• [Recorded data]:
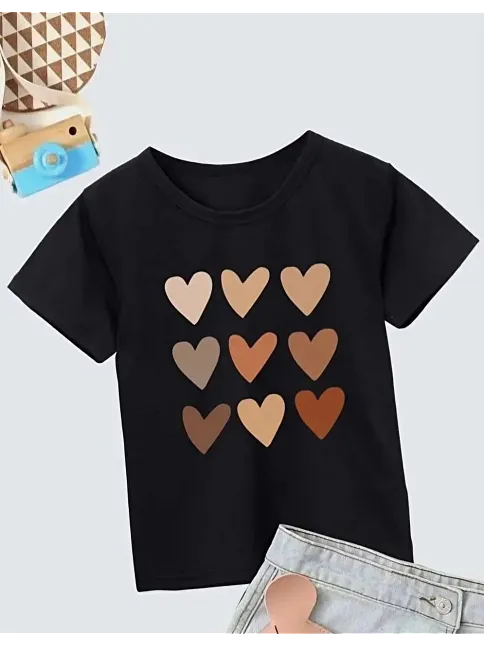 Kız Çocuk Bisiklet Yaka Baskılı T-shirt - Siyah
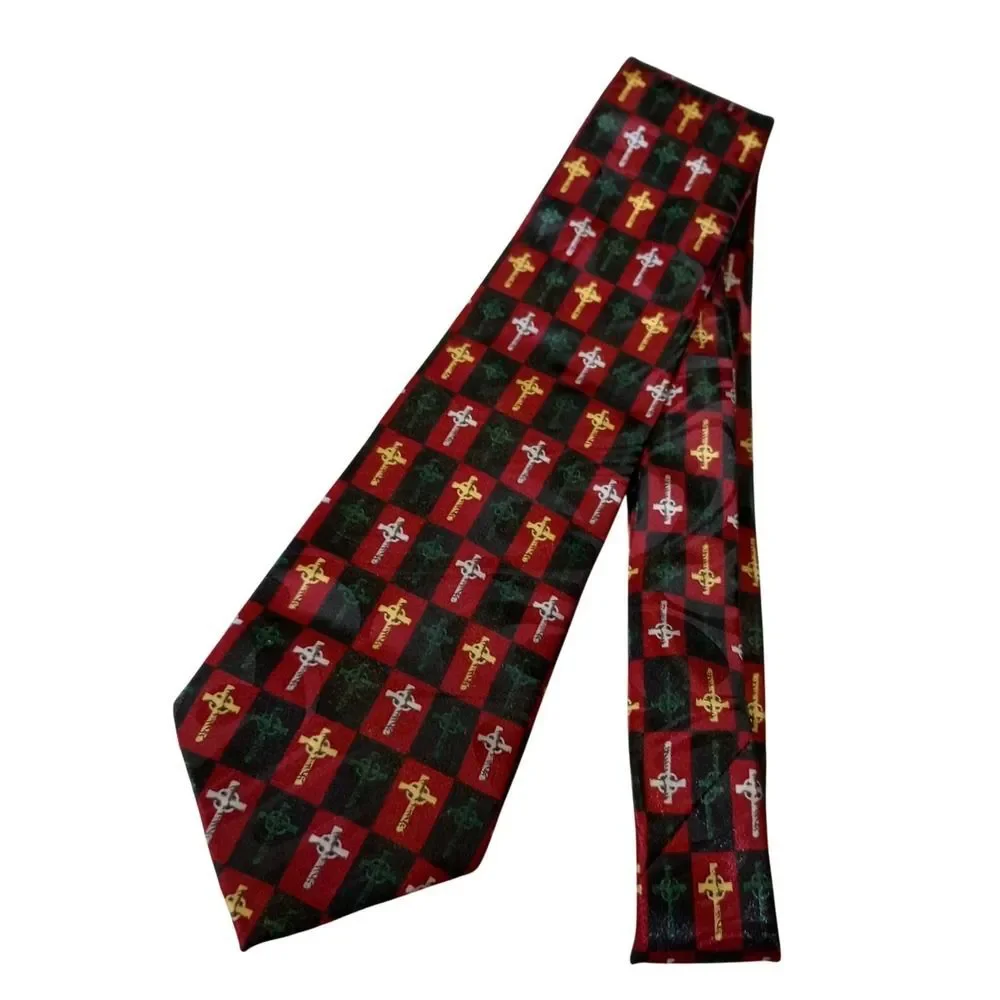 Steven Harris Mens Celtic Cross Checkered Necktie Red Black Handmade Polyester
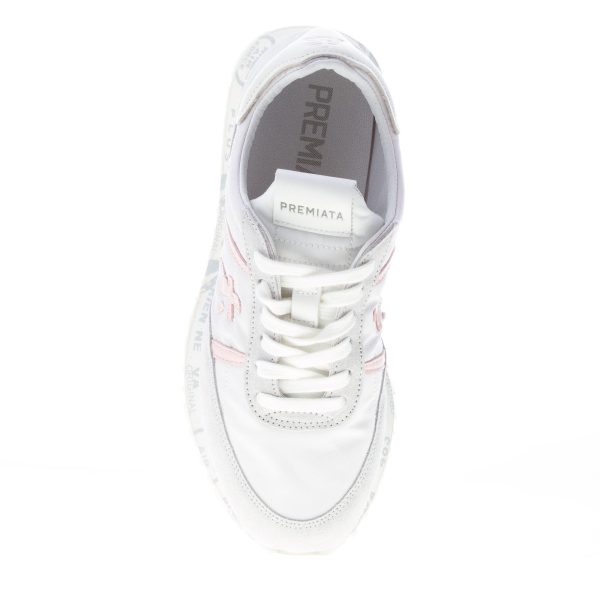 PREMIATA donna sneaker SEAN 5630 in tessuto nylon BIANCO più rosa - immagine 7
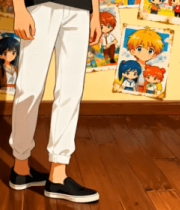 动漫人物室内站立场景素材363#横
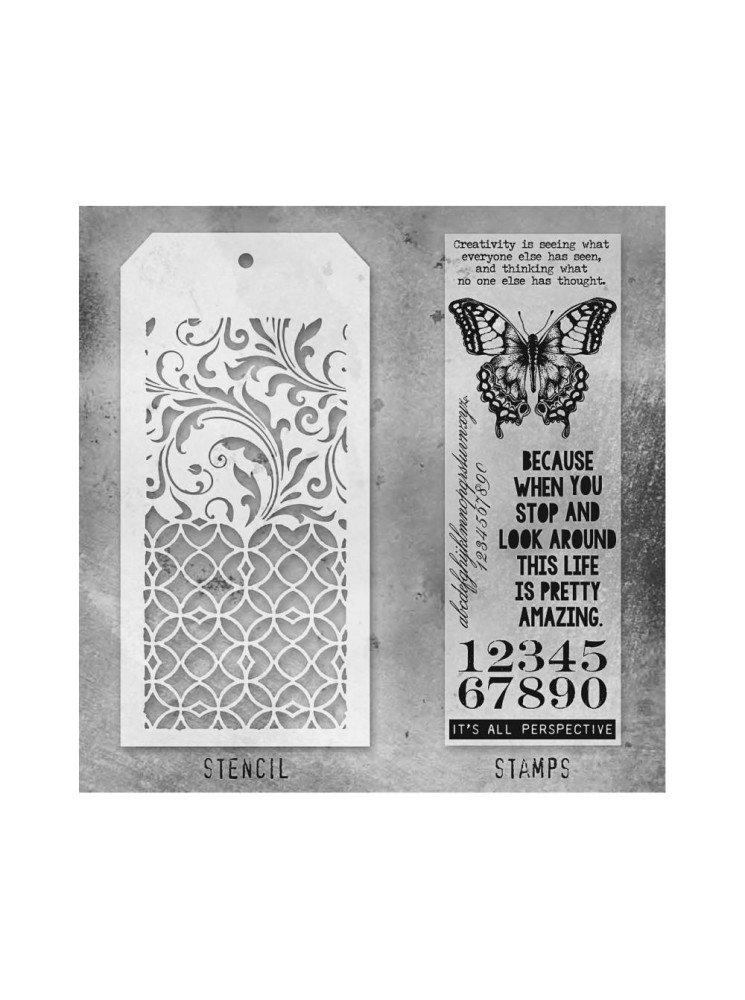 Combo Stencil + Tampons clear - Set 15 - Tim Holtz - Stampers Anonymous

• [What to produce]:
Omit the pictures; set down each record exactly.

• [Task answer]:
 Kız Çocuk Bisiklet Yaka Baskılı T-shirt - Siyah
 Steven Harris Mens Celtic Cross Checkered Necktie Red Black Handmade Polyester
 PREMIATA donna sneaker SEAN 5630 in tessuto nylon BIANCO più rosa - immagine 7
 动漫人物室内站立场景素材363#横
 Combo Stencil + Tampons clear - Set 15 - Tim Holtz - Stampers Anonymous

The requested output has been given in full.